| GIVEN DATA |
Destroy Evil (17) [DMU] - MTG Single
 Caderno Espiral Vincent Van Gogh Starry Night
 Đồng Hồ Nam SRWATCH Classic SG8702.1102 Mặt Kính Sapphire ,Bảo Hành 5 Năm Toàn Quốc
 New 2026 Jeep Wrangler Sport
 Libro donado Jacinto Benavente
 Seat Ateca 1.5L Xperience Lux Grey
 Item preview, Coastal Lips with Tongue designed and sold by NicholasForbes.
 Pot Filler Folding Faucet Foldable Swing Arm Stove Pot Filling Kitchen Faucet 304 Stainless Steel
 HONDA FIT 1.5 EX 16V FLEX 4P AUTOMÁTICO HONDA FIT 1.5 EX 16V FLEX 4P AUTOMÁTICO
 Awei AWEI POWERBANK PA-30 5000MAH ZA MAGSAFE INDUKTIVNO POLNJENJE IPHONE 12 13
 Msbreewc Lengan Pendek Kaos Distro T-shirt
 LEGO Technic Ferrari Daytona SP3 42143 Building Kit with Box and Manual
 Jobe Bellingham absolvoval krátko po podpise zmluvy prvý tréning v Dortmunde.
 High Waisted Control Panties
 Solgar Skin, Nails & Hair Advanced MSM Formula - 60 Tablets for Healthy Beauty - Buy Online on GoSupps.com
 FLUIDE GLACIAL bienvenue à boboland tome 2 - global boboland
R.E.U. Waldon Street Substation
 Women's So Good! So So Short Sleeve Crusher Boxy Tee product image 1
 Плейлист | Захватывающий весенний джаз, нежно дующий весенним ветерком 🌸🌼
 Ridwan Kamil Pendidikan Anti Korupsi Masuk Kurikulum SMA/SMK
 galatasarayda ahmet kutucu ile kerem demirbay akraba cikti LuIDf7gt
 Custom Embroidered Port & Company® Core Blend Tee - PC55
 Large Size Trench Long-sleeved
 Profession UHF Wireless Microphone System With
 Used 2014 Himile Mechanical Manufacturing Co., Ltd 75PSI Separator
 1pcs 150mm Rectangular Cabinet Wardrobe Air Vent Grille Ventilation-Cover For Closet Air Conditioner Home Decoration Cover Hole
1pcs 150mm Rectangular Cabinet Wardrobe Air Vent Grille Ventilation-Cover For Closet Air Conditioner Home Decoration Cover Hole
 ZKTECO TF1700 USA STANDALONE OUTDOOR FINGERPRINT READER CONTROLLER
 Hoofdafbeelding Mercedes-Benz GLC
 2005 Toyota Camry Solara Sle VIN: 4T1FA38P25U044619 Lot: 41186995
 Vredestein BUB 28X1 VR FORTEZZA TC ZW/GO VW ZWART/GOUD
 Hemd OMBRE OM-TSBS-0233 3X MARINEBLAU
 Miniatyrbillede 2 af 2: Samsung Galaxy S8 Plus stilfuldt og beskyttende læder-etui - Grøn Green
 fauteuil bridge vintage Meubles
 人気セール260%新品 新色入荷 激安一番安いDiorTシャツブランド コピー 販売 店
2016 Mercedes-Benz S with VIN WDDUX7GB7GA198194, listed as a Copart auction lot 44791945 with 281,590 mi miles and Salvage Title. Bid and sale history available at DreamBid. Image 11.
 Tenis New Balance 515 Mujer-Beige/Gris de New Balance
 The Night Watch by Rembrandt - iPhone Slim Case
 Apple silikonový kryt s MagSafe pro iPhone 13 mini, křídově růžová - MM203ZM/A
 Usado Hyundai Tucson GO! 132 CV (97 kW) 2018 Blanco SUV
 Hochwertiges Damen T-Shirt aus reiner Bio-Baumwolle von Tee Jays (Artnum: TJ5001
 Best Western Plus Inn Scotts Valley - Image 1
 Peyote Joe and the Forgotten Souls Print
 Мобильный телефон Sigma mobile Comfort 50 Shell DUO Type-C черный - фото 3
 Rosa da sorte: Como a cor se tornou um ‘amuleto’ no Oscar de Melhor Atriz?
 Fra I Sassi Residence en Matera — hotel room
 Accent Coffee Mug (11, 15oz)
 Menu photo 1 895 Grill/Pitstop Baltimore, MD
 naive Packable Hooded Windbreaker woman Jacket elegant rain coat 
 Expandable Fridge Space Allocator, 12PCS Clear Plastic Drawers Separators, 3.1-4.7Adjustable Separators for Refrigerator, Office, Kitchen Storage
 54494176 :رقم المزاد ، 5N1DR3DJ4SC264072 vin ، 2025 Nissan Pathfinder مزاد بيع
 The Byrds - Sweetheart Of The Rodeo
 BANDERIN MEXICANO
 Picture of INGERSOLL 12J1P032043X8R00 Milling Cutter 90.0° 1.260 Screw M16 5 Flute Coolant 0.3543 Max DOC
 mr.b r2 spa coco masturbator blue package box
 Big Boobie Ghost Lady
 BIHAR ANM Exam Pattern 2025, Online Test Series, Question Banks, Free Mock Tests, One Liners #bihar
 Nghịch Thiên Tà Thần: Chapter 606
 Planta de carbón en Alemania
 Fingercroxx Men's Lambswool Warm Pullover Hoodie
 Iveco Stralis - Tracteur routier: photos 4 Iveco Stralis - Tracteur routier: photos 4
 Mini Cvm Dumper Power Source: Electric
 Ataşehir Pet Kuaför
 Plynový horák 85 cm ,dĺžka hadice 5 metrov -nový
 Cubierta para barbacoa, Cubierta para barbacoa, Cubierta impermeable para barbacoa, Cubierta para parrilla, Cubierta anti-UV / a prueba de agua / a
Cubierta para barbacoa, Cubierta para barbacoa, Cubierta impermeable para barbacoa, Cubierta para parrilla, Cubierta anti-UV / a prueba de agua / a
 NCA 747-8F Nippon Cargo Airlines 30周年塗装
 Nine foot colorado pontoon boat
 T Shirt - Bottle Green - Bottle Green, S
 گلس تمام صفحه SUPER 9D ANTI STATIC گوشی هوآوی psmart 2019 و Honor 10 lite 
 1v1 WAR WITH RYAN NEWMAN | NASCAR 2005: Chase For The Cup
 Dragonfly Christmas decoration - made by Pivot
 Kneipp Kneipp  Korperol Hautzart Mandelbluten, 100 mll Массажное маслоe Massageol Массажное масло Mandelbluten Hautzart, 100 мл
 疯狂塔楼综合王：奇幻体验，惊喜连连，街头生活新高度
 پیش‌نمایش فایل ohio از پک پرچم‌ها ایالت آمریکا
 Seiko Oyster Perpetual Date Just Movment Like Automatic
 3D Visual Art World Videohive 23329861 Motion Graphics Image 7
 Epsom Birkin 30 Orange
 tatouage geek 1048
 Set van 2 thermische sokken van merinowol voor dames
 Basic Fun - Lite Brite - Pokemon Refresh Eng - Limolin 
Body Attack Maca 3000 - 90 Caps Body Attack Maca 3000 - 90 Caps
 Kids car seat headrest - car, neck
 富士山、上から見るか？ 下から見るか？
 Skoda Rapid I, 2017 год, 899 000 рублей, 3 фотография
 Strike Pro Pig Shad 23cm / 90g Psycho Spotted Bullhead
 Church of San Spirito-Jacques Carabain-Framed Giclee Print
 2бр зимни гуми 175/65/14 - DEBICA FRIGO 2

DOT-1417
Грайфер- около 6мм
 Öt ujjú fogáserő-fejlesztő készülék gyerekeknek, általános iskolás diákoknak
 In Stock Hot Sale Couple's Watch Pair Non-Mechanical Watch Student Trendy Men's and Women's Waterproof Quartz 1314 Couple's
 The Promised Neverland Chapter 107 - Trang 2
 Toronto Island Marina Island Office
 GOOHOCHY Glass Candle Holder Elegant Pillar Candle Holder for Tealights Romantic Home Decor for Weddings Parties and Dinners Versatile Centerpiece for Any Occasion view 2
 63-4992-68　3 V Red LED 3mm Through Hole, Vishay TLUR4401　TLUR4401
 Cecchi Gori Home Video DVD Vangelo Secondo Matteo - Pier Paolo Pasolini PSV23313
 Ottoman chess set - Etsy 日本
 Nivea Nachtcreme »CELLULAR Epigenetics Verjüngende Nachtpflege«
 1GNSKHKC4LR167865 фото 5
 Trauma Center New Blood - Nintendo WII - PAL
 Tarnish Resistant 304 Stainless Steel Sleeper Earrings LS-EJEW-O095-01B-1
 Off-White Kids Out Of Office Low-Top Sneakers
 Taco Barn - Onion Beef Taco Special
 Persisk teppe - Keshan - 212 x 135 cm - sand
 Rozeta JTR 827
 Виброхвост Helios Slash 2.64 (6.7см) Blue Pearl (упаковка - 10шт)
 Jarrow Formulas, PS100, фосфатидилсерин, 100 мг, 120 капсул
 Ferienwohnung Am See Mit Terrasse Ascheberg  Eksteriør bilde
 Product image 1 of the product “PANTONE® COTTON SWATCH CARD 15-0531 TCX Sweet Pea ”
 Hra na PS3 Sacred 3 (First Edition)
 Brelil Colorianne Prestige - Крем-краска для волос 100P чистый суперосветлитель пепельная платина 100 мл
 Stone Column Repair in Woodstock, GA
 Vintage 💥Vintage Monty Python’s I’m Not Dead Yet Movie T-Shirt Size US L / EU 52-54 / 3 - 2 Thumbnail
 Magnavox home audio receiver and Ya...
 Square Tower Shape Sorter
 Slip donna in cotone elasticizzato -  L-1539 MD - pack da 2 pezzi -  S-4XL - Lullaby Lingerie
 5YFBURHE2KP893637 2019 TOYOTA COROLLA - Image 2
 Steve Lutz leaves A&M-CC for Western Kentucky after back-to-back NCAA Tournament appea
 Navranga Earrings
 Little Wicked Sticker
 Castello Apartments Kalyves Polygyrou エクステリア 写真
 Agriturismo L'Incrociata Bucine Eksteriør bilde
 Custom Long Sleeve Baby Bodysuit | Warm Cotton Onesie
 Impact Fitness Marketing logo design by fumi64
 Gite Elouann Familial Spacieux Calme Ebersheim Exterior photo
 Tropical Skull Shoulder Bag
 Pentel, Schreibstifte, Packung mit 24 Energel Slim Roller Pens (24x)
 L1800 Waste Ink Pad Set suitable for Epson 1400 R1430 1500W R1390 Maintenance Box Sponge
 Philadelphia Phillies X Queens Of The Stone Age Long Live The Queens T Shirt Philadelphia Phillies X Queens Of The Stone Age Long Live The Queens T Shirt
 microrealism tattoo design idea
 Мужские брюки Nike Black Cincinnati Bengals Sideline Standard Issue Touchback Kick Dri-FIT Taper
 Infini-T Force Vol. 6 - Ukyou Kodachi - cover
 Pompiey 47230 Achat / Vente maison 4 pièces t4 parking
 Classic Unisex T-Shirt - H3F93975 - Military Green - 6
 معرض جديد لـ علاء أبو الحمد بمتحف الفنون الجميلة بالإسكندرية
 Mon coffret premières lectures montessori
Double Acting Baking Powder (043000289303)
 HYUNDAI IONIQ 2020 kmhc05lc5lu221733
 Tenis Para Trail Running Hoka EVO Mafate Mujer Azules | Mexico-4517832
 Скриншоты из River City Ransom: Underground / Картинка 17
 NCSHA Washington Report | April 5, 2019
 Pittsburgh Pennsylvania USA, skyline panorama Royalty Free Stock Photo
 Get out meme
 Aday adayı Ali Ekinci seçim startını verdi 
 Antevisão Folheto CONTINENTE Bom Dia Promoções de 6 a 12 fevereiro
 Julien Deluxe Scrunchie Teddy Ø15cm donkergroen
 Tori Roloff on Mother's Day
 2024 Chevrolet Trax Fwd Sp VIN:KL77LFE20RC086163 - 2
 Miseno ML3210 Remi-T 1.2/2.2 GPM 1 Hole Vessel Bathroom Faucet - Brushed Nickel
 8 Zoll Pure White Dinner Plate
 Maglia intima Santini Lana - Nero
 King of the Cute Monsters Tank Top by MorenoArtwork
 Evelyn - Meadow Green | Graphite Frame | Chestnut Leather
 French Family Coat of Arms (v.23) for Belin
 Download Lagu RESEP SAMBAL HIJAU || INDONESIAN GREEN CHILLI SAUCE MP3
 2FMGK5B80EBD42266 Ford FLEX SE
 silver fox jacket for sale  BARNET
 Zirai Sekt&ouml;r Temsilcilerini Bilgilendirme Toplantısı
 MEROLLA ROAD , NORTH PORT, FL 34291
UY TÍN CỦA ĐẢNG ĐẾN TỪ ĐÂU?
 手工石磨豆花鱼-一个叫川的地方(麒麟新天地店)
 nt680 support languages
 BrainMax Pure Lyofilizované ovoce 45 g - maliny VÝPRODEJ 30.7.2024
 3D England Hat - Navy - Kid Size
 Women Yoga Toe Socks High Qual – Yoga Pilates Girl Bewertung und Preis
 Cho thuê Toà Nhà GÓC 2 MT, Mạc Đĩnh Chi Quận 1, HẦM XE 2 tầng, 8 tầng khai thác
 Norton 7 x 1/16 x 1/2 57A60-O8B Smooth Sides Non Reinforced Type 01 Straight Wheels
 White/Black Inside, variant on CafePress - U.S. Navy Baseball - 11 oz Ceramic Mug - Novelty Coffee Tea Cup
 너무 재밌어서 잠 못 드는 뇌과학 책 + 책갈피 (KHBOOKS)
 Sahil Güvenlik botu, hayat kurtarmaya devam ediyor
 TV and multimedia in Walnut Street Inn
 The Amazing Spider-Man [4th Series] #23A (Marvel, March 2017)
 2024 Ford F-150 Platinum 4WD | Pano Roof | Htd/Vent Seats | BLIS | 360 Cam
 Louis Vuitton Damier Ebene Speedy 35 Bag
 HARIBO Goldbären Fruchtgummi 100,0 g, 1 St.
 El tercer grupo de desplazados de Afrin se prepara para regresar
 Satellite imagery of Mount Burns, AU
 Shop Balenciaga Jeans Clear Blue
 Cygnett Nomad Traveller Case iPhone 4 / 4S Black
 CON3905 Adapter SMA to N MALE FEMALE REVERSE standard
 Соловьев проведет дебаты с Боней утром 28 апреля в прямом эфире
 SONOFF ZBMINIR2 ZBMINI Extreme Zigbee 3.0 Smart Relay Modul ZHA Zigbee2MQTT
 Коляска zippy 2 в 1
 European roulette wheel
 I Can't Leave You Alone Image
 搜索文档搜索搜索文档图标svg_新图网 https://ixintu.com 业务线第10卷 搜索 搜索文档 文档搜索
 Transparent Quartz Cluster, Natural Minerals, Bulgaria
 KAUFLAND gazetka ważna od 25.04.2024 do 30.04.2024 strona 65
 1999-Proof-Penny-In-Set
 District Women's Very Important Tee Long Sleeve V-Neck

| ACTIVITY |
Restate the listing word for word, but only from its first line through the line with "Pot Filler Folding", keeping both end lines.

| RESPONSE |
Destroy Evil (17) [DMU] - MTG Single
 Caderno Espiral Vincent Van Gogh Starry Night
 Đồng Hồ Nam SRWATCH Classic SG8702.1102 Mặt Kính Sapphire ,Bảo Hành 5 Năm Toàn Quốc
 New 2026 Jeep Wrangler Sport
 Libro donado Jacinto Benavente
 Seat Ateca 1.5L Xperience Lux Grey
 Item preview, Coastal Lips with Tongue designed and sold by NicholasForbes.
 Pot Filler Folding Faucet Foldable Swing Arm Stove Pot Filling Kitchen Faucet 304 Stainless Steel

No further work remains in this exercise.